> Voltaire, le vin et le blasphème ✎ Janie Beghin
Durant toute sa vie, Voltaire a été un amateur de bons vins ; dans sa correspondance, il avoue volontiers qu'il « aime à boire », mais attention, à sa table pas de bibine, seulement du nectar. Il fait venir à grands frais les meilleurs crus, et en vaste quantité, Tokay de Hongrie, vins charpentés de Bourgogne, ou encore moelleux breuvages d’origine ibérique. L'Aubergiste de l'Europe, assisté de sa nièce, savaient recevoir ! Et quand il écrit les vers suivants :
De ce vin frais l'écume pétillante
De nos Français est l'image brillante,
C’est bien sûr du divin champagne, synonyme de fête et d'oubli qu’il s’agit. Libiamo !
A Ferney, en terre calviniste, il va même jusqu’à planter quelques pieds de vigne, une variation sur le plaisir et la nécessité de cultiver son jardin. Las, il semblerait que le vignoble donne des grappes de meilleure qualité en pays catholiques, ces pays du Soleil où toutefois fleurissaient en son temps de bien sombres superstitions.
Aussi le grand contempteur de ces dernières n’aura pas assez de mots durs et triviaux pour dire tout le mal qu’il pense de l’une d’entre elles : le mystère de la transsubstantiation (ou vin changé en sang).

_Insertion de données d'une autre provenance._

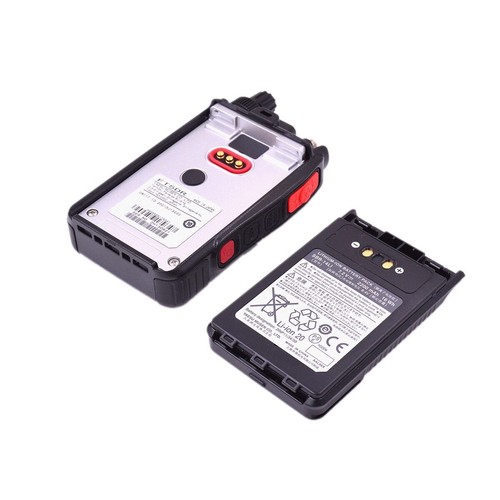 Transceptor de radio digital Yaesu FT5D HAM C4FM FM 2m 70cm Bluetooth grabación GPS - Imagen 14 de 16
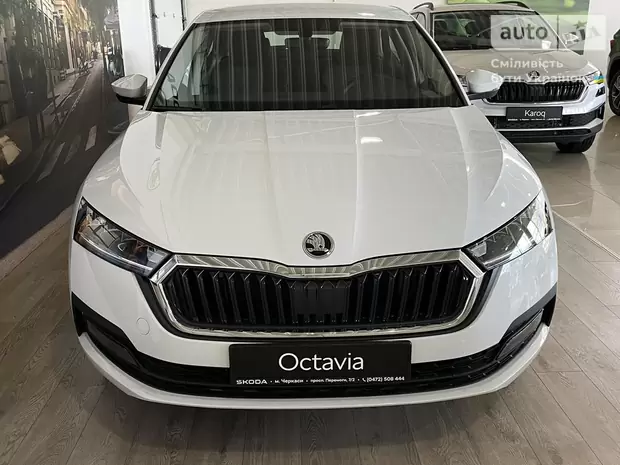 Skoda Octavia Ambition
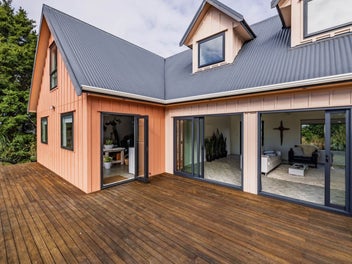 Scandi Style Meets Coastal Opua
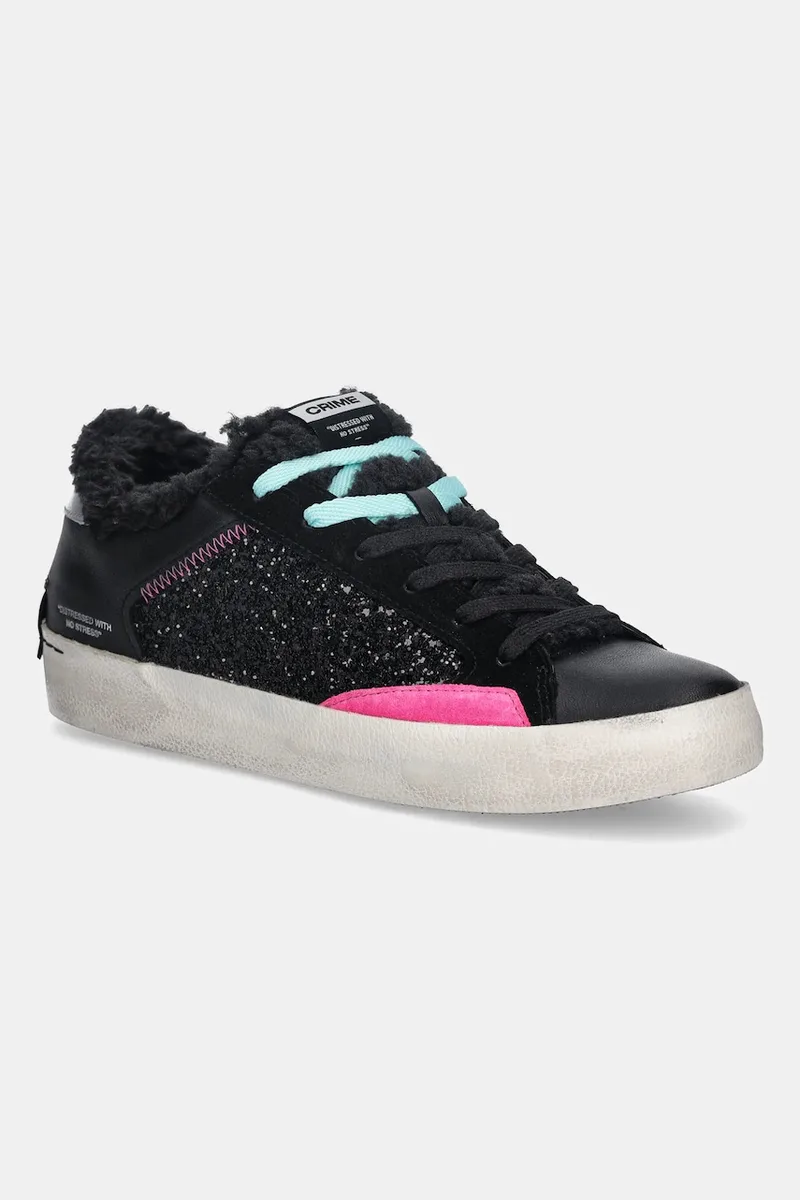 Sneakers Crime London DISTRESSED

Une « croyance monstrueuse », aux yeux des protestants, prétend-il, dans le « Dictionnaire philosophique » (1764), et dont voici un extrait : « Leur horreur augmente, quand on leur dit qu’on voit tous les jours, dans les pays catholiques, des prêtres, des moines qui, sortant d’un lit incestueux, et n’ayant pas encore lavé leurs mains souillées d’impuretés, vont faire des dieux par centaines, mangent et boivent leur dieu, chient et pissent leur dieu.»
Vlan, nous revoilà en pleine actualité, Charlie, les blasphèmes et tout ce qui s’en suit.